Hot partitions are when one shard gets way more traffic than others — like if you shard by user ID and a celebrity has millions of requests. One solution I've seen mentioned is adding a random suffix to the key to spread it across multiple shards, then merging the results on read.


10. API Gateway (Auth, Rate Limits, Routing, Policy, Observability)

An API gateway sits in front of all your services and handles the stuff that every service would otherwise have to implement itself.

Auth: Validate JWTs or OAuth tokens once at the gateway. The individual services can just trust the forwarded headers instead of each having their own auth logic.

Rate limiting: Control how many requests a client can make. Stops abuse and protects services from getting flooded. Token bucket and sliding window are the common algorithms. Better to stop traffic here than let it reach your services.

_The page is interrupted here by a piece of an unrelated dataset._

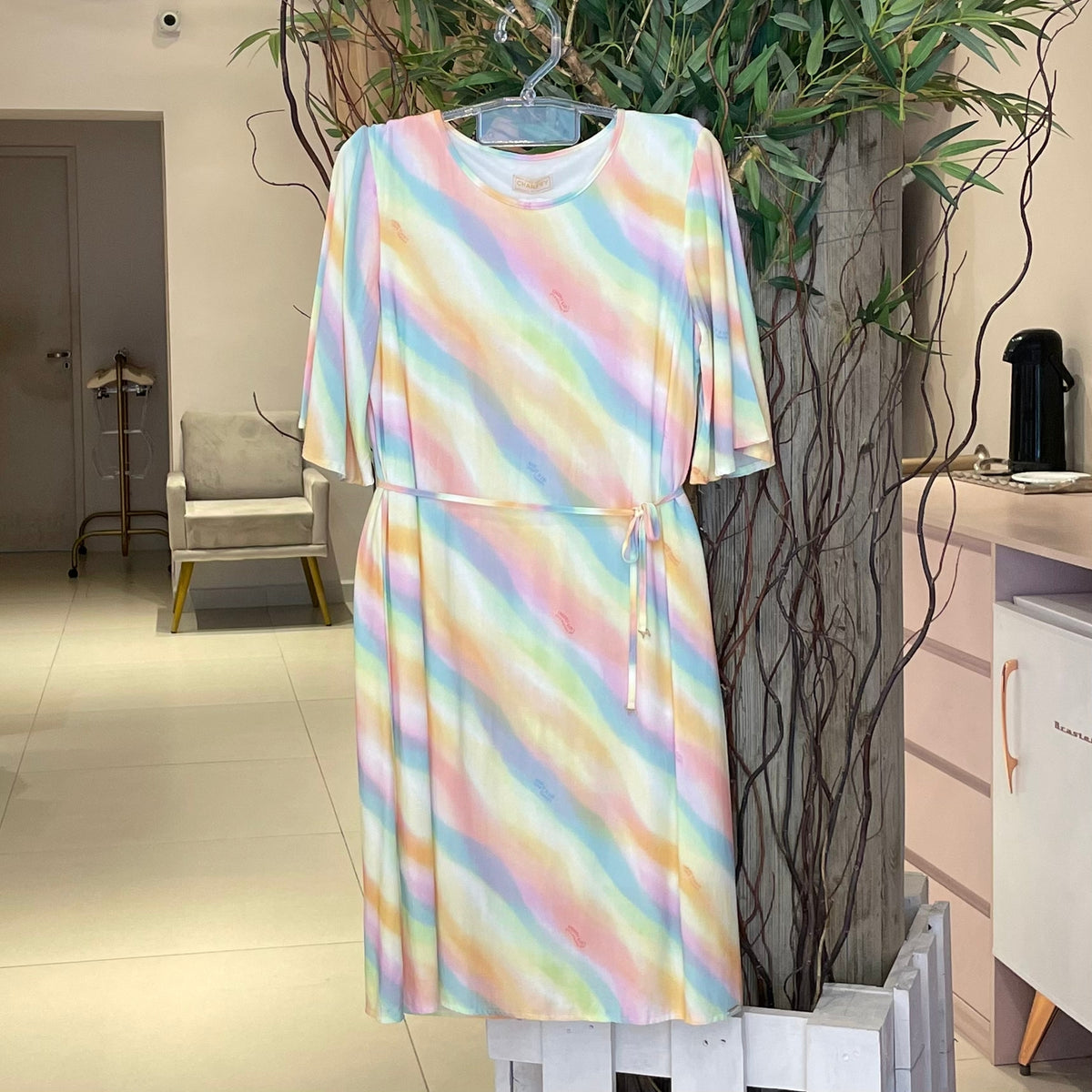 Vestido Feminino Adulto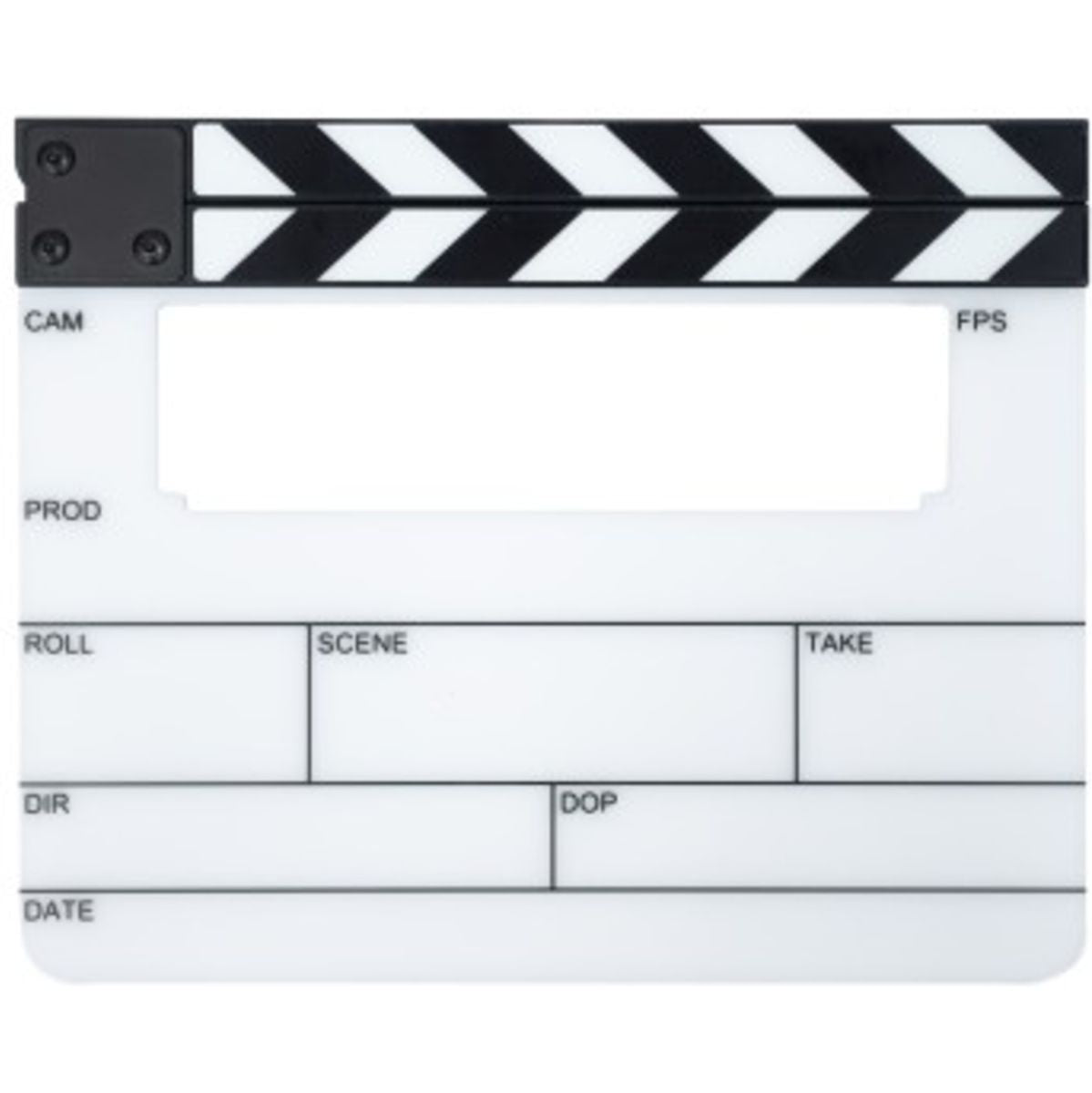 Filmsticks Digital Timecode Slate Kit EU Version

Routing: The gateway maps paths to services. This is also how you do versioning (/v1/ vs /v2/) or canary releases where you send a small percentage of traffic to a new version.

Policy stuff: TLS termination, CORS headers, IP blocking, response caching — centralize all of this so you don't have 10 services each doing it slightly differently.

Observability: Because all traffic flows through the gateway, it's the natural place to collect metrics on request rates, error rates, and latency for every service at once. You can also inject trace IDs here so every request is traceable from the start.